HCE MCP Integration — Automatic Behavior Rules

The HCE MCP server (hce_mcp_server.py) provides persistent memory across sessions. You MUST follow these rules automatically without the user asking:

On session start

  1. Call hce_status to check current memory state.
  2. If the entity graph has 0 nodes, call hce_crawl_project on this project root to index the codebase.

Before answering substantive questions

  • Call hce_retrieve_context with the user's query before answering any question about:
    • The codebase (architecture, how something works, where something is)
    • Previous conversations or decisions
    • Anything that might benefit from prior context
  • You do NOT need to retrieve context for simple commands like "fix this typo" or "run tests".

After important exchanges

  • Call hce_store_interaction after any exchange that involves:
    • Architectural decisions or design discussions
    • Bug investigations and their resolutions
    • New feature implementations or significant code changes
    • Explanations of how something works
  • Summarize concisely when storing — don't store verbatim multi-page responses.
  • Do NOT store trivial exchanges (greetings, simple file reads, typo fixes).

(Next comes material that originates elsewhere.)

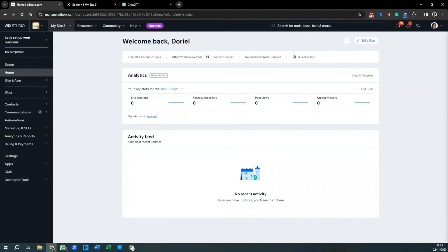In today's video we are going to look at online programs. It's a different service to online coaching. Think of online coaching as a one-to-one service where you'll be tweaking and changing plans for individual people. Think of online programs as creating a program once that will serve a section of your target market, and you can create loads of them.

When the user asks to index/learn/crawl a project

  • Call hce_crawl_project with the path they specify (or the project root if unspecified).

General

  • Never ask the user "should I store this in HCE?" — use your judgment based on the rules above.
  • Never ask the user "should I check HCE for context?" — just do it when relevant.
  • The status block in tool responses gives you memory stats — you don't need to relay these to the user unless they ask about HCE state.